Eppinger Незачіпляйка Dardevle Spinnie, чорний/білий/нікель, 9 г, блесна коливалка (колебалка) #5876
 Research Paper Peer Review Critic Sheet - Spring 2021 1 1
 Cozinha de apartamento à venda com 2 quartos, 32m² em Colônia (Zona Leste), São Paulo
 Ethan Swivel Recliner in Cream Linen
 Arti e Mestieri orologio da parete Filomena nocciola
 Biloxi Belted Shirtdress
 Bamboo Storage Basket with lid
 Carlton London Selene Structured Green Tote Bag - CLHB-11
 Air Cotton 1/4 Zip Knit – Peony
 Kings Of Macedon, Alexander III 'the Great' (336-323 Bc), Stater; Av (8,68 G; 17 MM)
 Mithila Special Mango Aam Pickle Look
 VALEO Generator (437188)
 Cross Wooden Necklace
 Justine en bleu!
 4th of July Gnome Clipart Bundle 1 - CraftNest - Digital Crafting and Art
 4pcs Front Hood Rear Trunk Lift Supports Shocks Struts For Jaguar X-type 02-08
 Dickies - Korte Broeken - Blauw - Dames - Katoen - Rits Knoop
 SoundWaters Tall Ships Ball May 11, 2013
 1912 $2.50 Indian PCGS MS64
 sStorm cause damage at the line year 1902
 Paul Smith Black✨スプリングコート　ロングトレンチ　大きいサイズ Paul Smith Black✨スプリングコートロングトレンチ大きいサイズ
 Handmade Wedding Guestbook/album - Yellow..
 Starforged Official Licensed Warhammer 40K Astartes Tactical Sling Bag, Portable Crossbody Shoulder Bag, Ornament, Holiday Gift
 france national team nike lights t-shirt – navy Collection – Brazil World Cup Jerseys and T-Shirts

====================

* To do: Create a word-for-word copy of the whole listing.

* Answer space:
Eppinger Незачіпляйка Dardevle Spinnie, чорний/білий/нікель, 9 г, блесна коливалка (колебалка) #5876
 Research Paper Peer Review Critic Sheet - Spring 2021 1 1
 Cozinha de apartamento à venda com 2 quartos, 32m² em Colônia (Zona Leste), São Paulo
 Ethan Swivel Recliner in Cream Linen
 Arti e Mestieri orologio da parete Filomena nocciola
 Biloxi Belted Shirtdress
 Bamboo Storage Basket with lid
 Carlton London Selene Structured Green Tote Bag - CLHB-11
 Air Cotton 1/4 Zip Knit – Peony
 Kings Of Macedon, Alexander III 'the Great' (336-323 Bc), Stater; Av (8,68 G; 17 MM)
 Mithila Special Mango Aam Pickle Look
 VALEO Generator (437188)
 Cross Wooden Necklace
 Justine en bleu!
 4th of July Gnome Clipart Bundle 1 - CraftNest - Digital Crafting and Art
 4pcs Front Hood Rear Trunk Lift Supports Shocks Struts For Jaguar X-type 02-08
 Dickies - Korte Broeken - Blauw - Dames - Katoen - Rits Knoop
 SoundWaters Tall Ships Ball May 11, 2013
 1912 $2.50 Indian PCGS MS64
 sStorm cause damage at the line year 1902
 Paul Smith Black✨スプリングコート　ロングトレンチ　大きいサイズ Paul Smith Black✨スプリングコートロングトレンチ大きいサイズ
 Handmade Wedding Guestbook/album - Yellow..
 Starforged Official Licensed Warhammer 40K Astartes Tactical Sling Bag, Portable Crossbody Shoulder Bag, Ornament, Holiday Gift
 france national team nike lights t-shirt – navy Collection – Brazil World Cup Jerseys and T-Shirts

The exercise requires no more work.